Output the listing word for word, minus images.
※ ※ ※
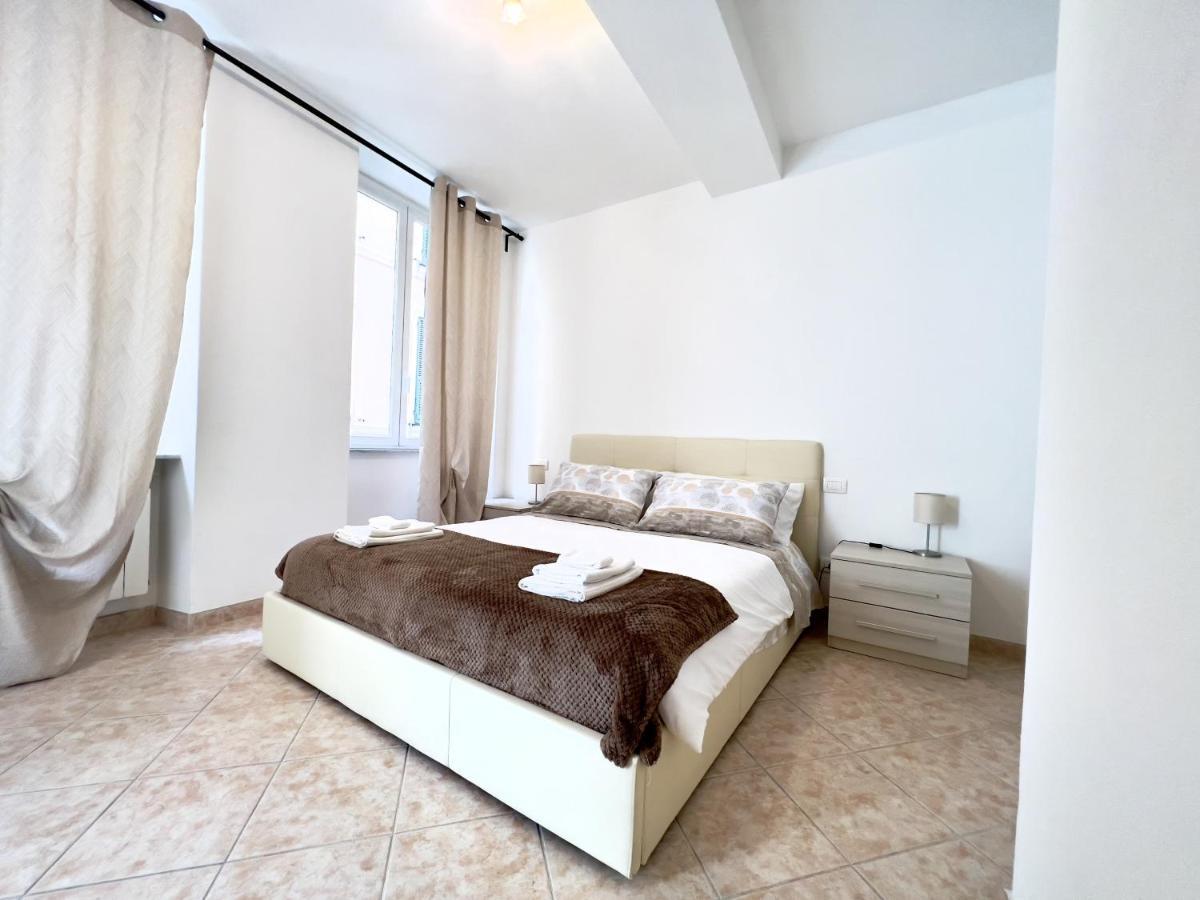 Casa Nandina In Centro Apartman Rapallo Kültér fotó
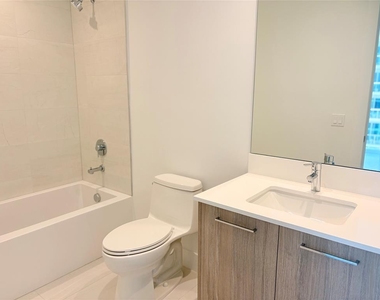 151 N Seabreeze Boulevard - Photo Thumbnail 8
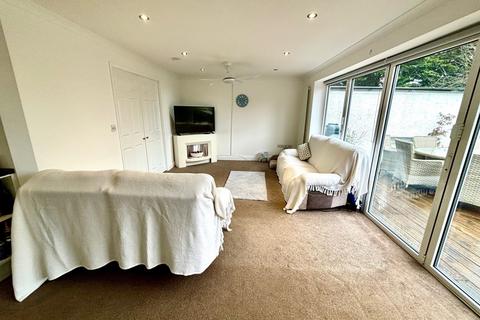 6 bedroom detached house for sale, Rusham Road, Egham, Surrey, TW20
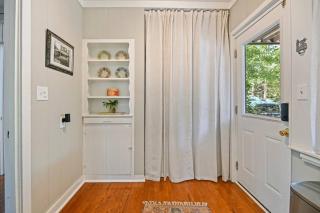 Cloverdale Cottage - 5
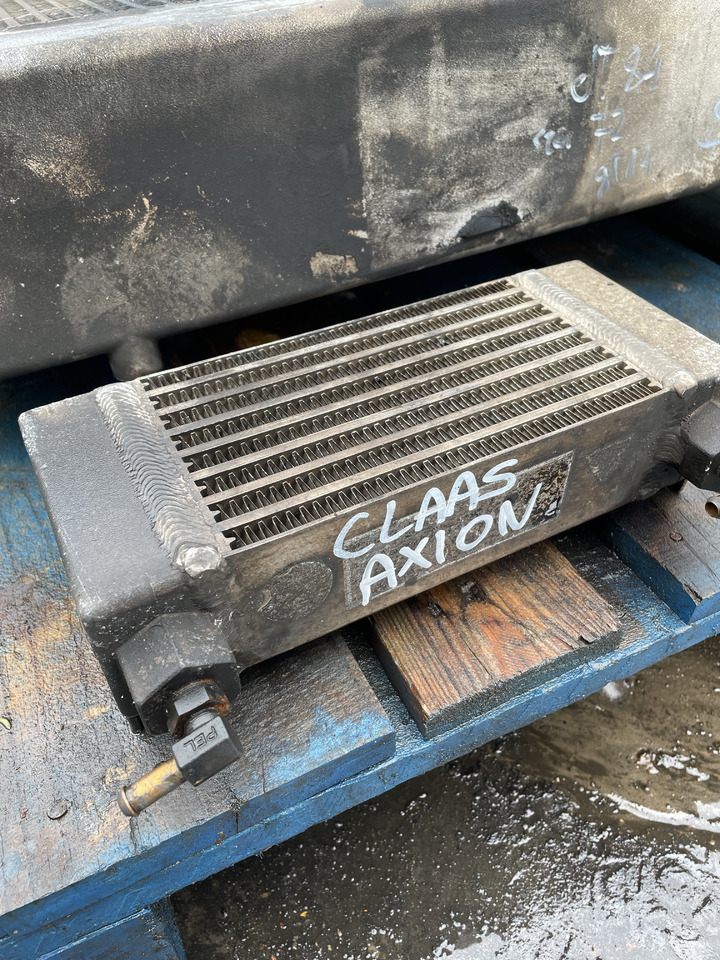 Claas Axion Arion - chłodnica oleju 0011198610 - Маслен охладител за Строителна техника: снимка 1 Claas Axion Arion - chłodnica oleju 0011198610 - Маслен охладител за Строителна техника: снимка 1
※ ※ ※
[Answer to the exercise]
 Casa Nandina In Centro Apartman Rapallo Kültér fotó
 151 N Seabreeze Boulevard - Photo Thumbnail 8
 6 bedroom detached house for sale, Rusham Road, Egham, Surrey, TW20
 Cloverdale Cottage - 5
 Claas Axion Arion - chłodnica oleju 0011198610 - Маслен охладител за Строителна техника: снимка 1 Claas Axion Arion - chłodnica oleju 0011198610 - Маслен охладител за Строителна техника: снимка 1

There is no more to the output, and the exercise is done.